Once upon a time, there was much unemployment, poverty and homelessness. Leaders tried one thing after another to end these grim conditions. Nothing worked.
In the midst of these bad times, however, a small group of educators, upset over what our youth were learning in high schools decided to take action.
High schools then were dull places. Students listened to teachers, read books, and took exams. Schools were supposed to prepare students for life but much of what they studied they forgot after graduating. Worse yet, what they had learned in school did not prepare them to face the problems of life, think clearly, be creative, or fulfill their civic duties. Complaints to school officials got the same answer repeatedly: little could be done because college entrance requirements determined what had to be taught in high school.
So to give high schools the freedom to try new ways of schooling in a democracy, a small band of reformers convinced the best universities to waive their admission requirements and accept graduates from high schools that designed new programs.
Dozens of schools joined the experiment. Teachers, administrators, parents, and students created new courses and ways of teaching teenagers to become active members of the community and for those who wanted more schooling, still attend college. For eight years, these schools educated students and universities admitted their graduates. And then a war came and the experiment ended. After years passed, few could recall what these schools and colleges did.
A fairy tale? Nope.
Between 1933-1941, thirty high schools in the country and over 300 universities and colleges joined the experiment sponsored by the Progressive Education Association.
Called “The Eight Year Study,” each high school decided for itself what curricula, schedules, and class sizes would be. There were no college admission requirements or must-take tests. Old lesson plans were scrapped. One school sent classes into the West Virginia coal region to study unions. Science, history, art, and math were often combined in projects that students and teachers planned together.
Needless to say, there were stumbles also. A few principals blocked the experiment. Some school faculties divided into warring factions.

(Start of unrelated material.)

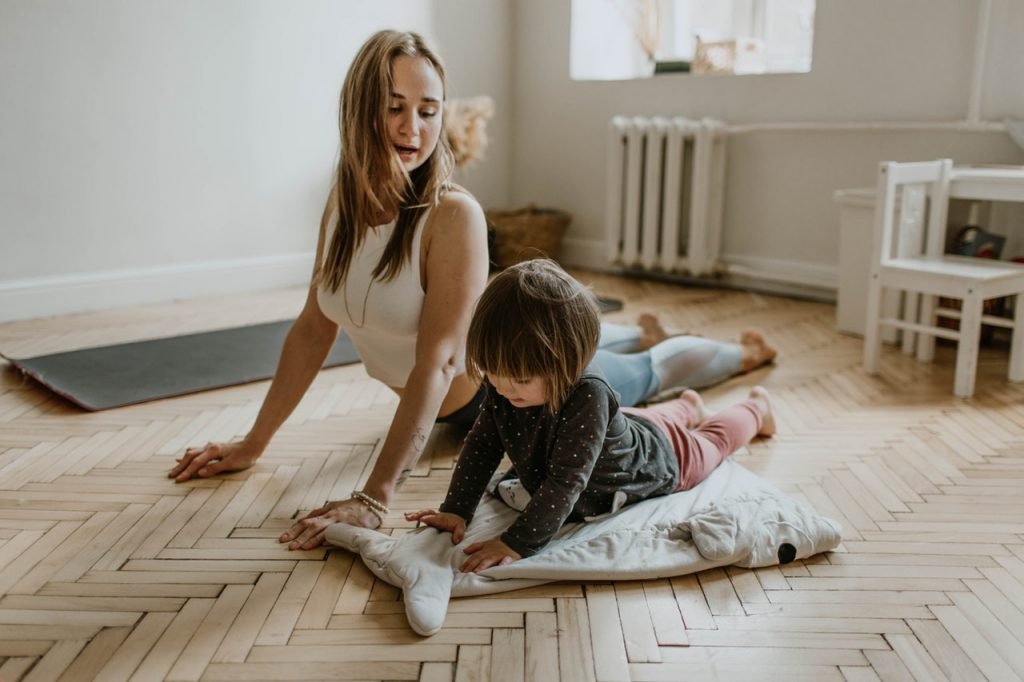 Child practicing yoga with mom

While there was much variation among the schools, there were also common elements. Many of the large public high schools (of the 30, fifteen were private) created small schools within the larger one. Principals increased the authority of teachers to design and steer the program; teachers crossed departmental boundaries and created a core curriculum (math/science and English/social studies), set aside three hours a day for teams to work with groups of students, and planned weekly units with students.
What happened to these students when they attended college? To find an answer, evaluators established 1,475 pairs of college students, each consisting of a graduate from an experimental school and one graduate of another high school matched as closely as possible as to age, sex, race, social class, and academic performance. They then compared their performance in college.

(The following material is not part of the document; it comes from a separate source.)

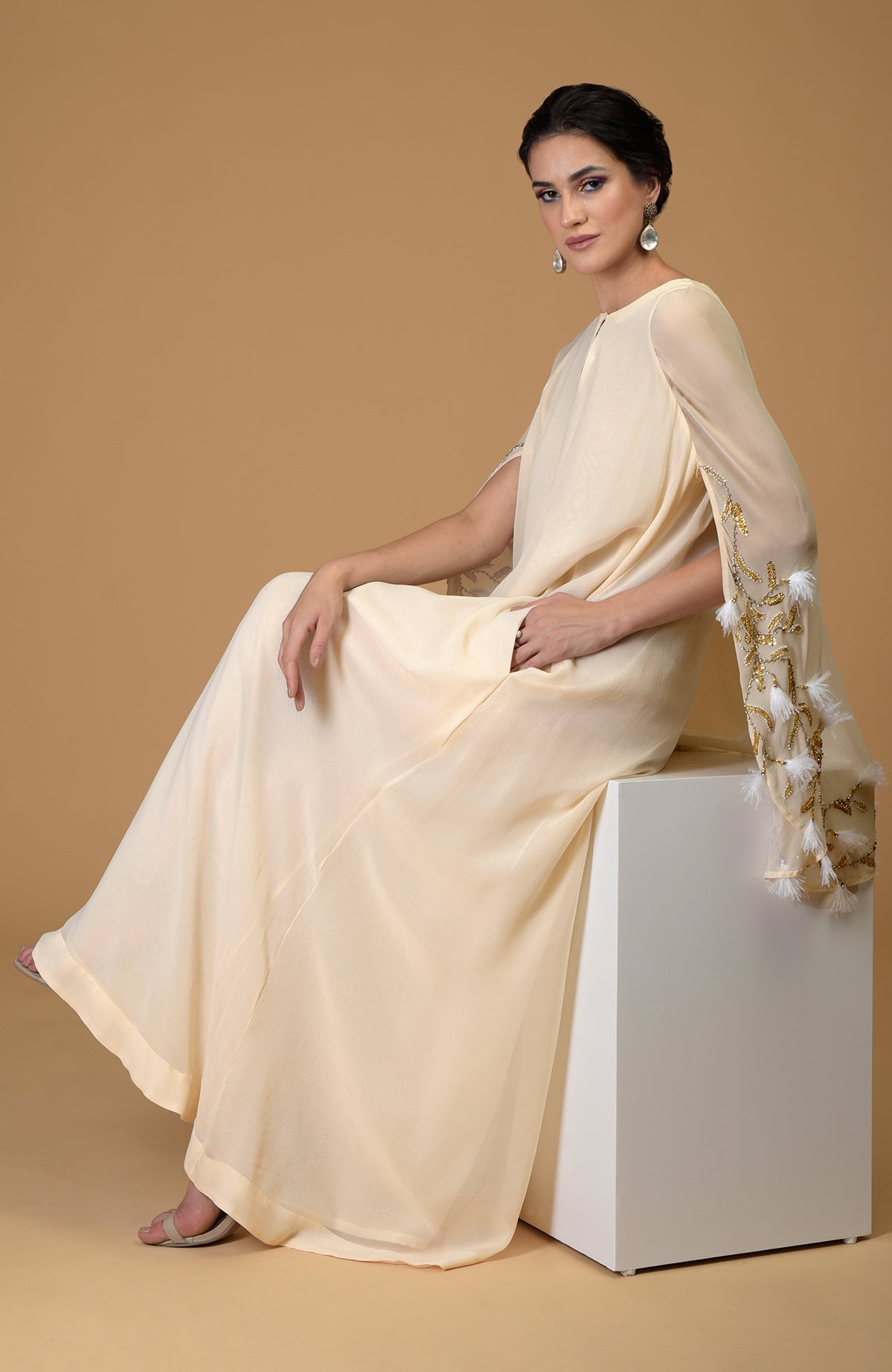 A woman in a cream cape dress with gold and white feather embroidery on the sleeves.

Evaluators found that graduates of the thirty schools earned a slightly higher grade average and more academic honors than those who attended regular high school. Furthermore, the “guinea pigs,” as they were called, were more precise in their thinking, displayed more ingenuity in meeting new situations, and demonstrated an active interest in national and world issues than their matched counterpart.
What these results showed over 80 years ago–although contemporary evaluators would find methodological flaws in the instruments–was that there was no one single best way of schooling teenagers. The fears that parents and taxpayers had about experimenting with high school courses, organization, and teaching proved hollow in “The Eight Year Study.”
The results of these studies appeared during World War II. The war effort swallowed up any further interest in experimenting with high school programs. Whatever the reasons, “The Eight Year Study” lapsed into the obscurity of scholarly footnotes. Later generations of reformers seldom inquired or cared about this large-scale, non-federally funded experiment that showed convincingly that schools, given the freedom to experiment, could produce graduates who not only did well academically in college but, far more importantly, also displayed an active interest in civic affairs, were resourceful in handling new situations, and could think for themselves.
So what does this half-century old experiment say to us in the in the 21st century about school reform?
1. When engaged teachers, administrators, and students are given the freedom to experiment and the help to do it, they will come through.
2. There is no one best way of schooling youth.
3. Students can graduate high school who are academically engaged, involved in their communities, and thoughtful problem-solvers.
4. Standards of excellence that work in schools are those that are set and done locally by adults and students—not ones imposed from the top-down.
In 2021, after four decades of school reform, federal and state decision-makers and policy elites continue to design and adopt school and classroom improvements. They set standards, require tests, and punish low performance.
Indeed, “The Eight Year Study” sounds like a fairy tale. This venture demonstrated nearly a century ago that when locals—district and school officials along with practitioners–decide to experiment, they not only get engaged but, more importantly, can produce results that still stagger us decades later.